[From This World to the Next by Henry Fielding]@TWC D-Link bookFrom This World to the Next CHAPTER V 2/5
We were told likewise that there were several noble palaces to be seen, and lodged in, on this road, by those who had passed through the difficulties of it (which indeed many were not able to surmount), and great quantities of all sorts of treasure to be found in it; whereas the other had little inviting more than the beauty of the way, scarce a handsome building, save one greatly resembling a certain house by the Bath, to be seen during that whole journey; and, lastly, that it was thought very scandalous and mean-spirited to travel through this, and as highly honorable and noble to pass by the other.
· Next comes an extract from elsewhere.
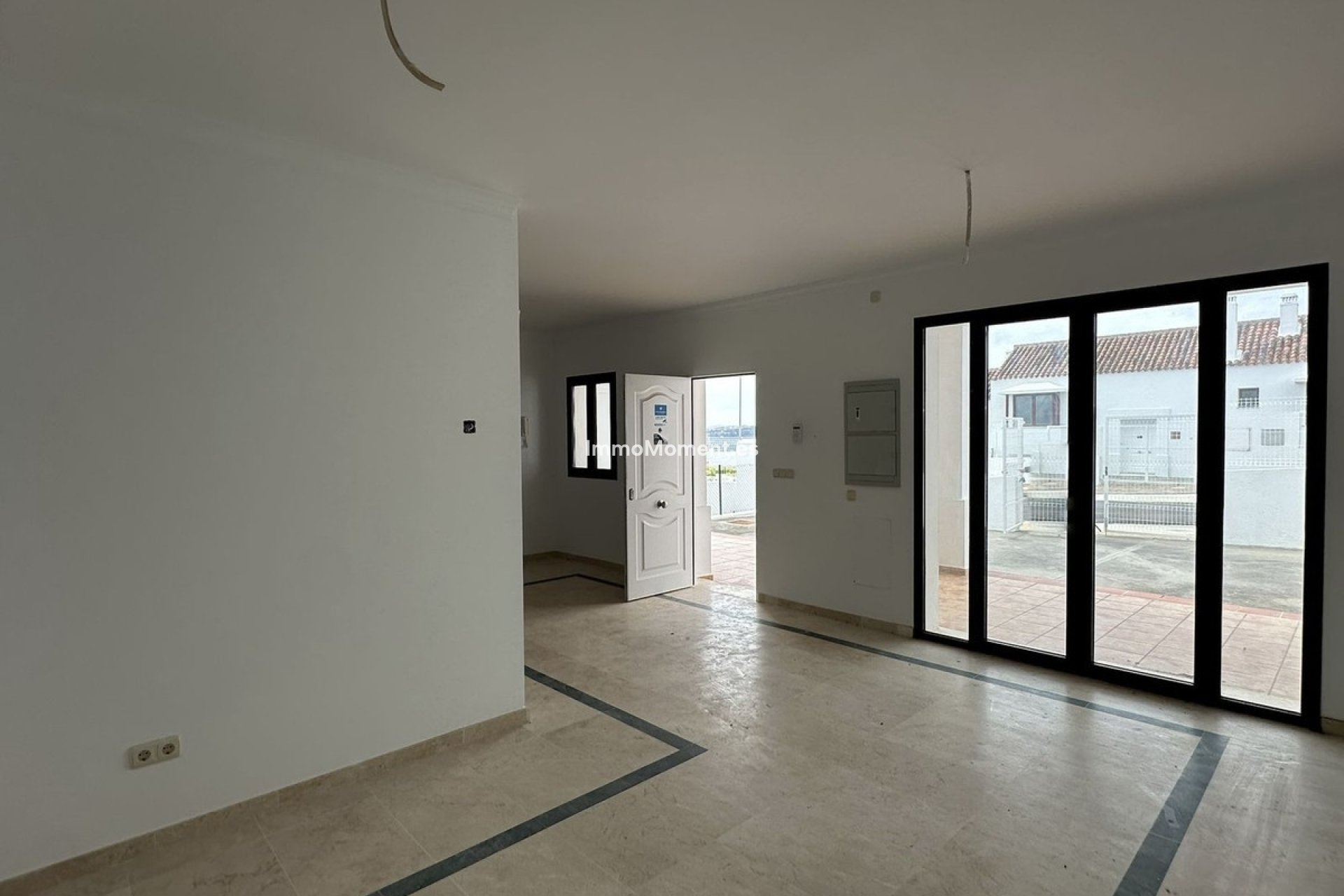 Resale - Townhouse - Casares - Doña Julia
We now heard a violent noise, when, casting our eyes forwards, we perceived a vast number of spirits advancing in pursuit of one whom they mocked and insulted with all kinds of scorn.
I cannot give my reader a more adequate idea of this scene than by comparing it to an English mob conducting a pickpocket to the water; or by supposing that an incensed audience at a playhouse had unhappily possessed themselves of the miserable damned poet.
Some laughed, some hissed, some squalled, some groaned, some bawled, some spit at him, some threw dirt at him.
It was impossible not to ask who or what the wretched spirit was whom they treated in this barbarous manner; when, to our great surprise, we were informed that it was a king: we were likewise told that this manner of behavior was usual among the spirits to those who drew the lots of emperors, kings, and other great men, not from envy or anger, but mere derision and contempt of earthly grandeur; that nothing was more common than for those who had drawn these great prizes (as to us they seemed) to exchange them with tailors and cobblers; and that Alexander the Great and Diogenes had formerly done so; he that was afterwards Diogenes having originally fallen on the lot of Alexander.